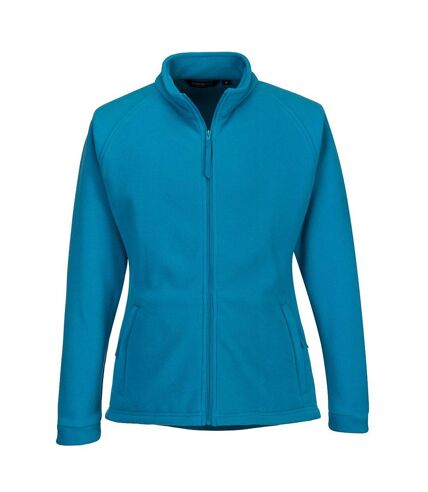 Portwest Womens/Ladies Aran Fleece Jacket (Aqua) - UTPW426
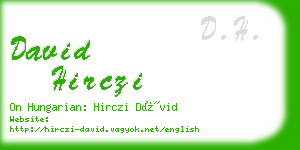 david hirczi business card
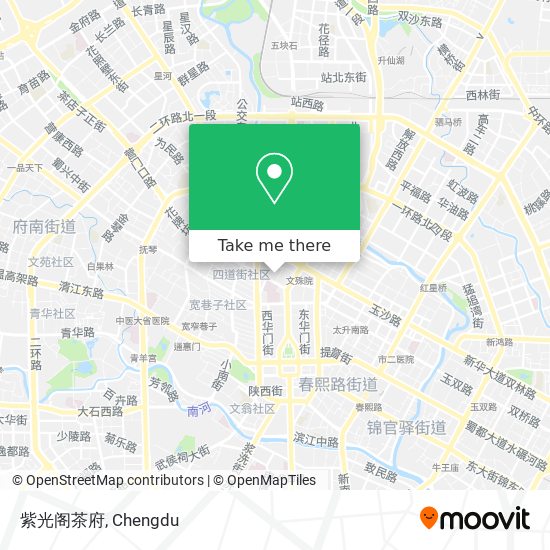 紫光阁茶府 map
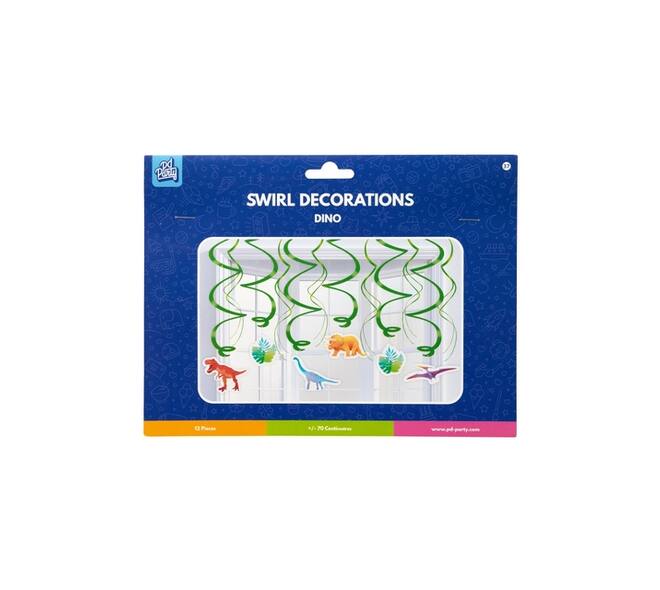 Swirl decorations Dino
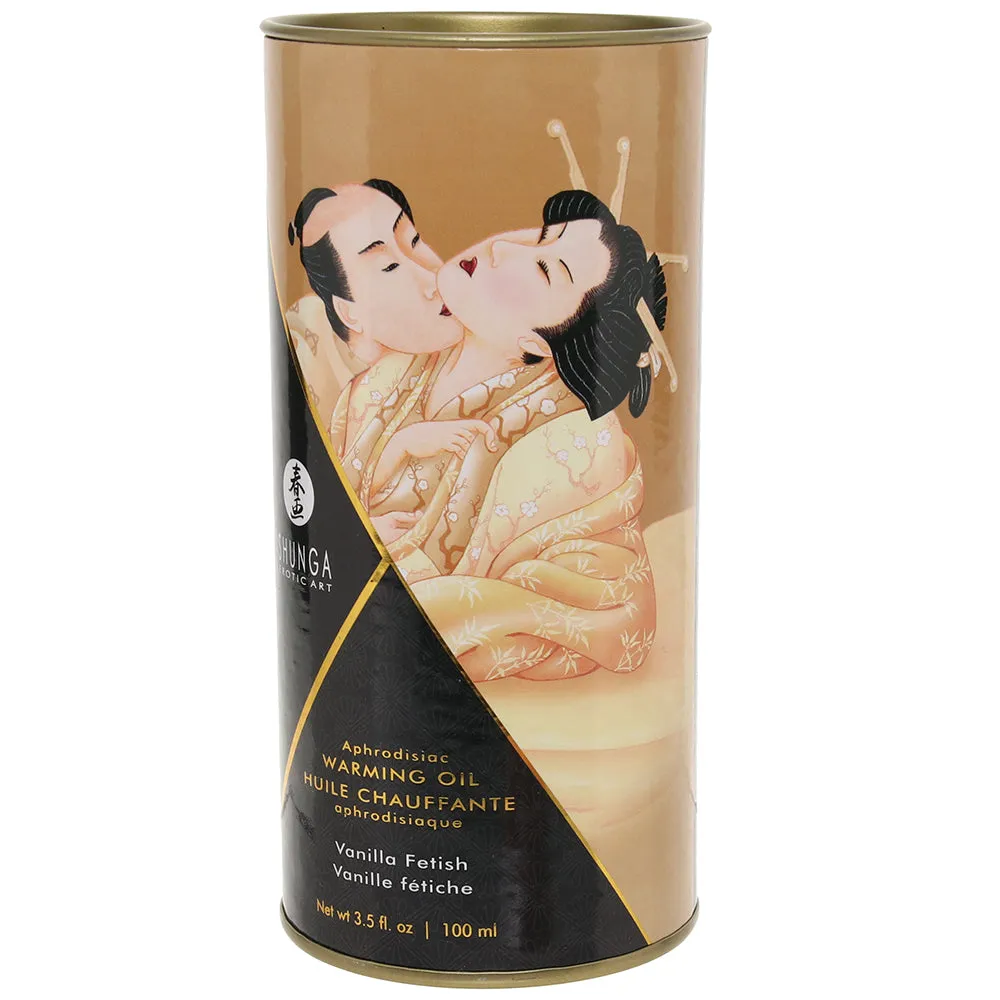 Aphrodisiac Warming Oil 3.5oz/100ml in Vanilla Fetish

+++++

• **AIM OF THE EXERCISE**
Repeat the material above verbatim, with no pictures in the output.

• **REPLY**
 Portwest Womens/Ladies Aran Fleece Jacket (Aqua) - UTPW426
 david hirczi business card
 紫光阁茶府 map
 Swirl decorations Dino
 Aphrodisiac Warming Oil 3.5oz/100ml in Vanilla Fetish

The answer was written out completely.